Facebook builds SoundSpaces, which claims to be the first AI platform with both vision and hearing

In June last year, Facebook open sourced the advanced simulation platform AI Habitat, which aims to provide general human simulation training for physical AI research, but at that time this AI Habitat only provided visual functions.

Therefore, Facebook recently created a brand new SoundSpaces with AI Habitat as the core. It is known as the world’s first AI platform with both visual and auditory senses, which greatly improves the robot’s ability to recognize and understand the environment.

  Facebook stated in its blog that vision is the basis of perception, while sound is equally important. It can capture a wealth of information that is usually imperceptible through vision or data. But few systems and algorithms use sound to build tools for physical understanding, which is why Facebook released SoundSpaces.

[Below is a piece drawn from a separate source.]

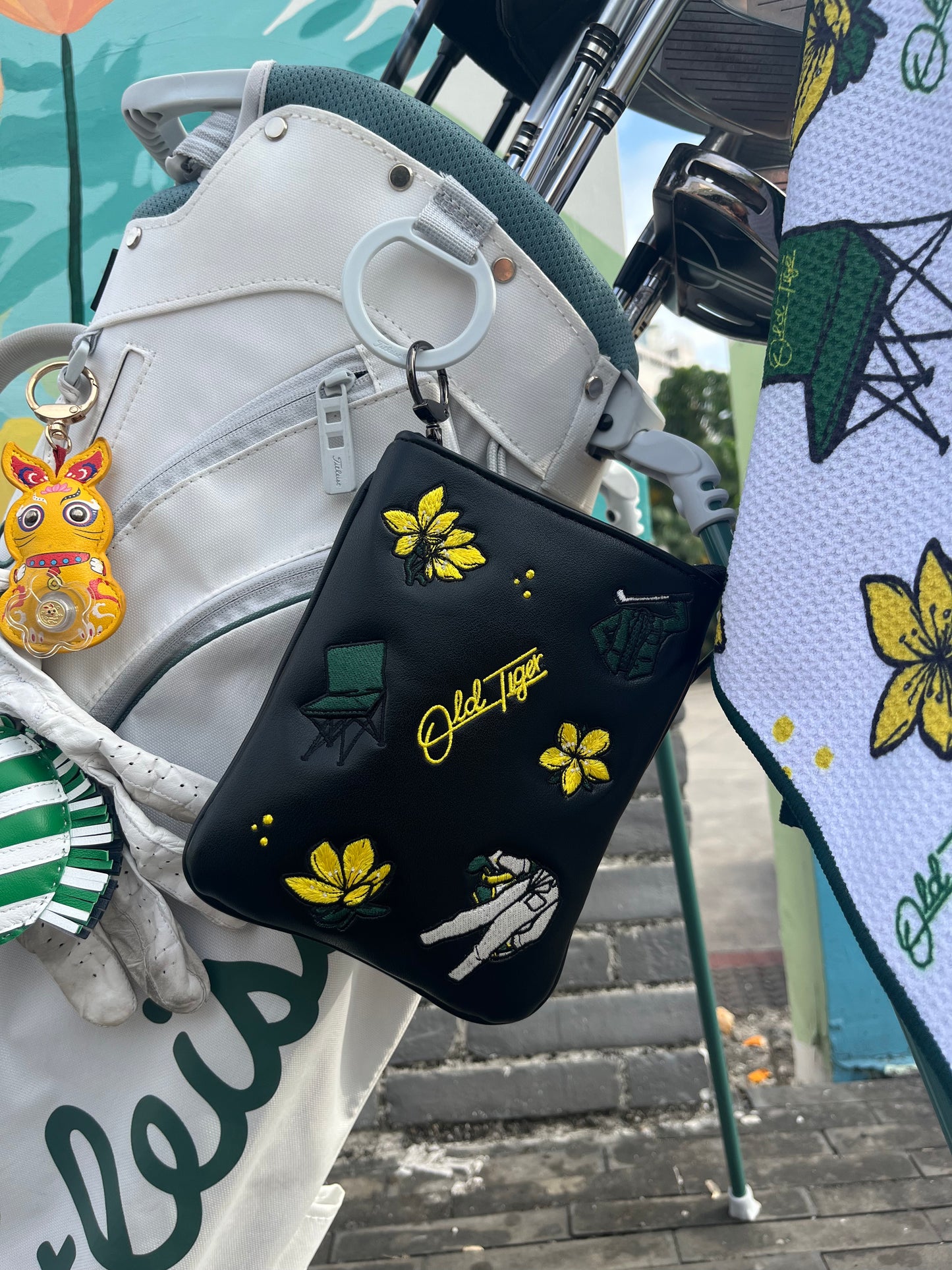 Golf Valuables Pouch with Zipper Leather Golf Tee Bag Waterproof for Men and Women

SoundSpaces is an audio rendering library based on 3D environmental acoustic simulation. The data set is designed to be used in conjunction with Facebook’s open source simulation platform AI Habitat. The provided sound sensor can insert any sound collected from the real environment from the data set, and then use the AudioGoal task to mine the objects that emit sound in the physical environment.

Today’s robots combined with SoundSpaces can determine the position of a mobile phone that is making sounds, and this ability can help people complete various complex tasks in the physical world in the future.